ADDWF instruction in pic microcontroller

[khatus]

I can’t understand How the W register is incremented every time with the value 22H since the content of 12H register is 0 and every time we add it with 0 and store the result back in the w register it becomes 0+22H = 22H. I think the result will be a fixed value i.e 22H

in line 4 ADDWF 12H, W: This instruction adds the value in register 12H (which is 0) to the value in the W register (which is 22H) and stores the result back in the W register. The W register now contains 22H.

in line 5 ADDWF 12H, W: This instruction again adds the value in register 12H (still 0) to the value in the W register (which is 22H) and stores the result back in the W register. The W register now contains 22H.



I wrote here what I understood,


1. MOVLW 0: This instruction loads the literal value 0 into the W register.
2. MOVWF 12H: This instruction moves the value in the W register (which is now 0) into register 12H.
3. MOVLW 22H: This instruction loads the literal value 22H into the W register.
4. ADDWF 12H, W: This instruction adds the value in register 12H (which is 0) to the value in the W register (which is 22H) and stores the result back in the W register. The W register now contains 22H.
5. ADDWF 12H, W: This instruction again adds the value in register 12H (still 0) to the value in the W register (which is 22H) and stores the result back in the W register. The W register now contains 22H.
W = (W=22H +0) = 22H
6. ADDWF 12H, W: This instruction repeats the addition, resulting in the W register having 22H.
W = (W= 22 H +0) = 22H
7. ADDWF 12H, W: The final addition takes place, and the W register now holds 22H.

[DavidAlfa]

It seems wrong, your understanding is correct.
Likely there's a errata there.

MOVLW 22H
MOVWF 12H
MOVLW 0H           W =0H
ADDWF 12H, W    W=22H
ADDWF 12H, W    W=44H
ADDWF 12H, W    W=66H
ADDWF 12H, W    W=88H

[woofy]

Which pic?
Provide the rest of the paper so we can put this in context.

[khatus]

This page is part of the book "PIC Microcontroller and Embedded Systems: Using assembly and C for PIC 18" 
----------------written by "Danny Causey, Rolin D. McKinlay, Muhammad Ali Mazidi"

[ozcar]

I has been around 25 years since I did any PIC coding but I believe your assessment is correct.

To get the outcome as suggested in the "Solution", you would have to interchange the two MOVLW instructions (that you numbered 1 and 3).

Or, if some unwise person has interchanged the equated values of "W" and "F" (would normally be in an included header file), then location 12H would end up as 88H,  and WREG = 22H.


Edit:
Ah.
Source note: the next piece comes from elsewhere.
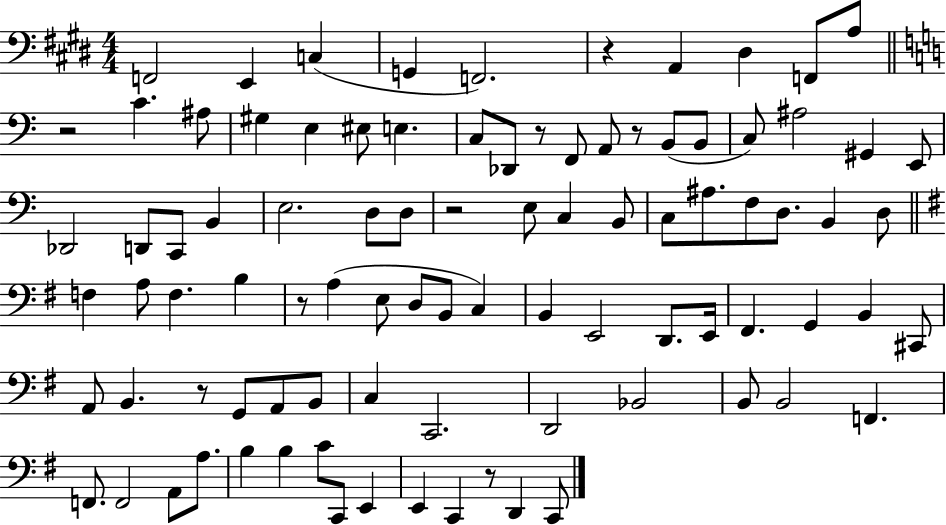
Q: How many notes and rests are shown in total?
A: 91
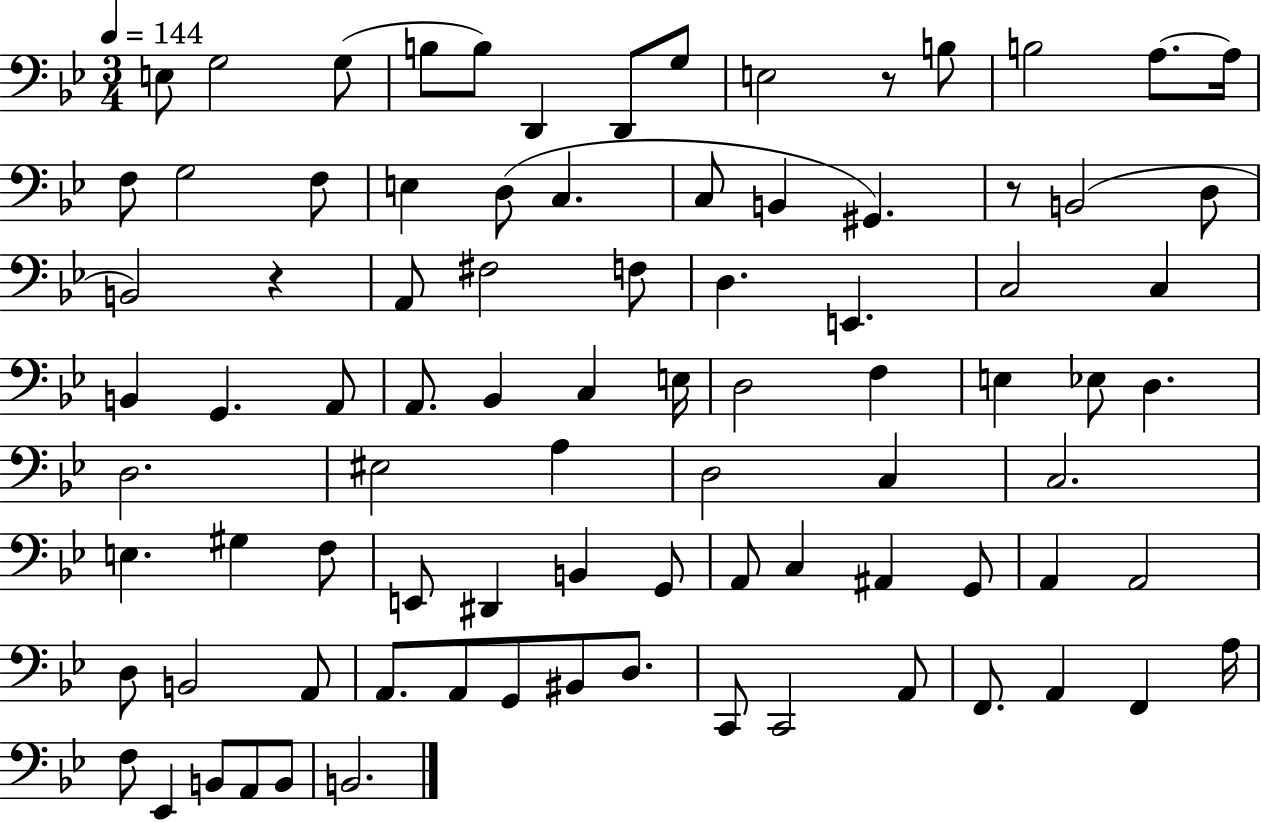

PIC18? I donno, I tinkered with PIC16 and I don't know how different they are.

[DavidAlfa]

Pic16 and 18 are very much the same thing, wouldn't  change this example.
Maybe I got it wrong, is it a test asking to modify the program?

[SiliconWizard]

Yes, this can't work.
Alternatively to DavidAlfa's suggestion, you can otherwise replace the 3 first ADDWF with a F destination instead of W, but obviously in this case, at the end, the 12H location will contain 66H, and W 88H.
You could write to the editor of this book. (Although it's 15 yo, so not sure how much the editor still cares.)

[Doctorandus_P]

In a more general sense, why are you writing assembly for the PIC?

A very long time ago I did some assembly for 8085 and Z80 and it was a useful experience to learn how the hardware of computers / processors work. Later I bought some 16F84 uC's (one of the first with Flash) and I found their assembly horribly convoluted. The way in which you have to combine multiple instructions to do even simple things was a big nuisance, and it also makes it more difficult to understand.

But overall, it's been more then 20 years ago I wrote any assembly. Every decent uC gets accompanied with a C compiler. If you're interested in getting some project "done", writing your code in C is much more practical and efficient. The extra overhead for the compiled code is also quite small.

If you're interested in writing assembly in itself, then the PIC is still one of the worst choices. (At least the older one I used. There are apparently relatively big differences between the PIC's in this area.)

Also, if you switch to a different uC now, the work you have already done is not completely lost. ASM itself is not portable (Code re-use is another good reason to use C) but having some asm knowledge of different uC architectures is good as a learning experience.